Image-caption web data:
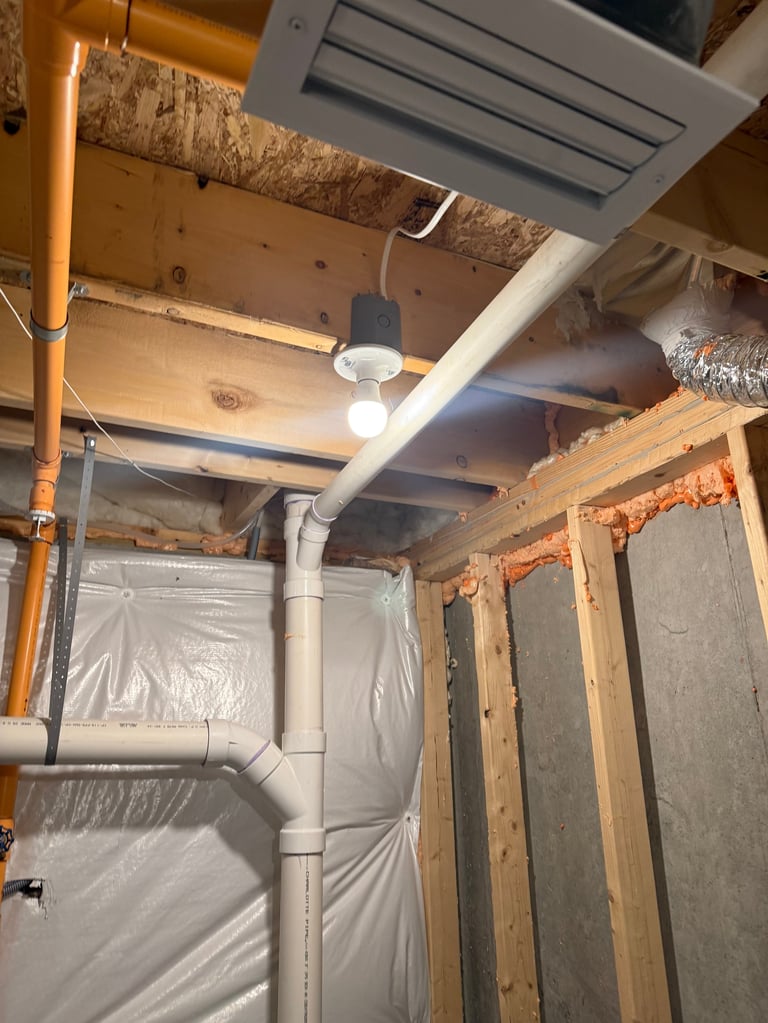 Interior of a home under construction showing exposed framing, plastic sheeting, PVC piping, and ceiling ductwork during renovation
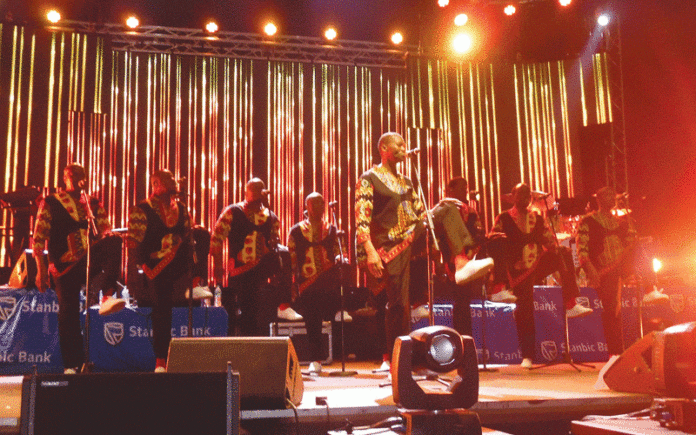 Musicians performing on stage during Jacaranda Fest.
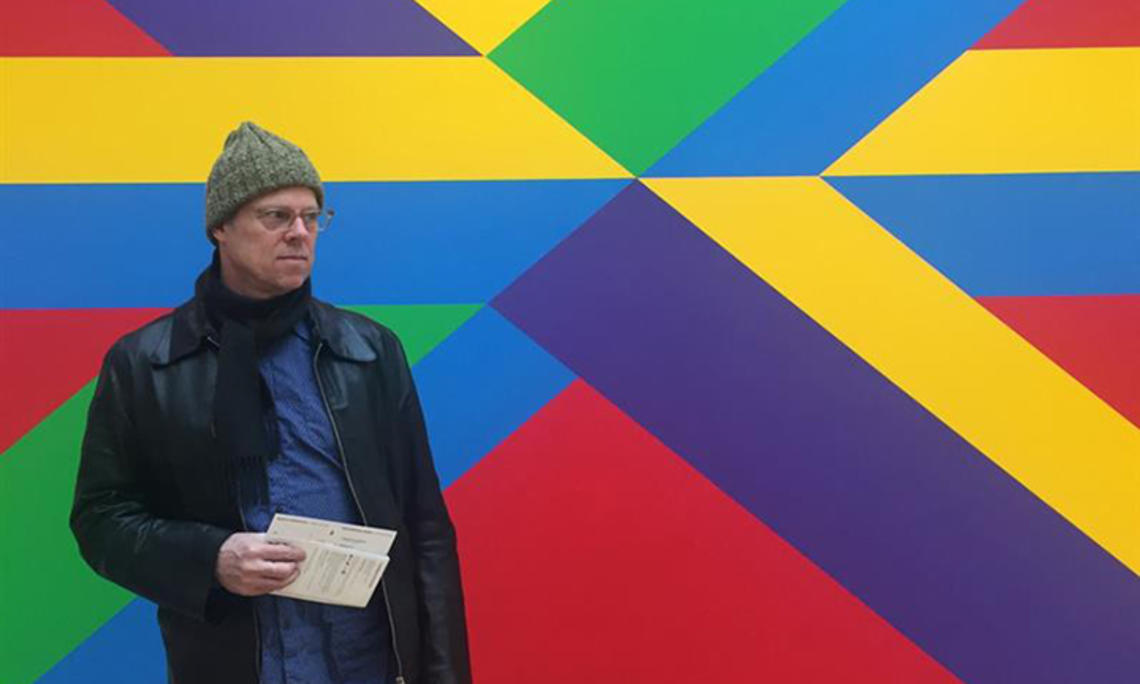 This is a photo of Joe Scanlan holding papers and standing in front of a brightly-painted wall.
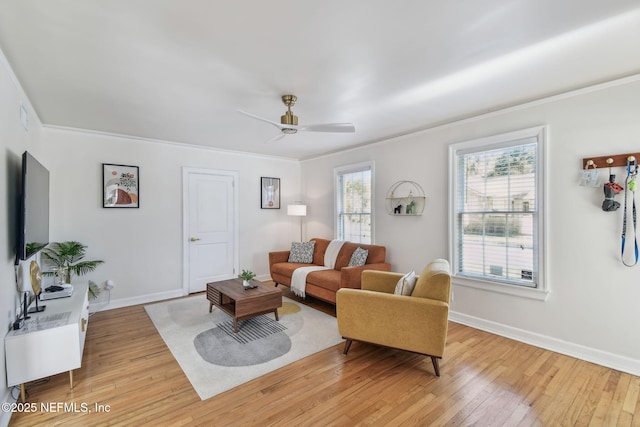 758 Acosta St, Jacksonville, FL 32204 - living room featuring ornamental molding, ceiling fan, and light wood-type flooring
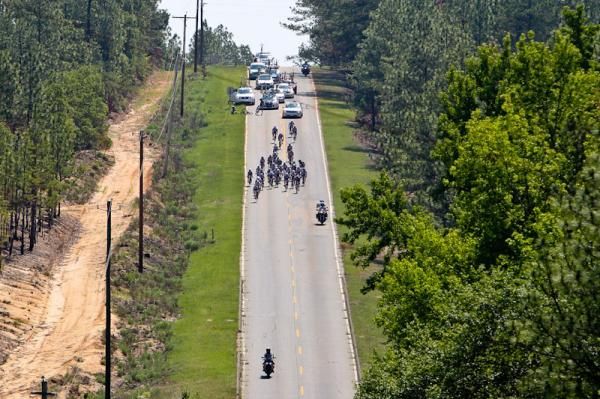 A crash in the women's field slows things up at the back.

> [INSTRUCTIONS TO FOLLOW] Exactly as written above, print every record, and keep the pictures out.

> [RESPONSE AREA]
 Interior of a home under construction showing exposed framing, plastic sheeting, PVC piping, and ceiling ductwork during renovation
 Musicians performing on stage during Jacaranda Fest.
 This is a photo of Joe Scanlan holding papers and standing in front of a brightly-painted wall.
 758 Acosta St, Jacksonville, FL 32204 - living room featuring ornamental molding, ceiling fan, and light wood-type flooring
 A crash in the women's field slows things up at the back.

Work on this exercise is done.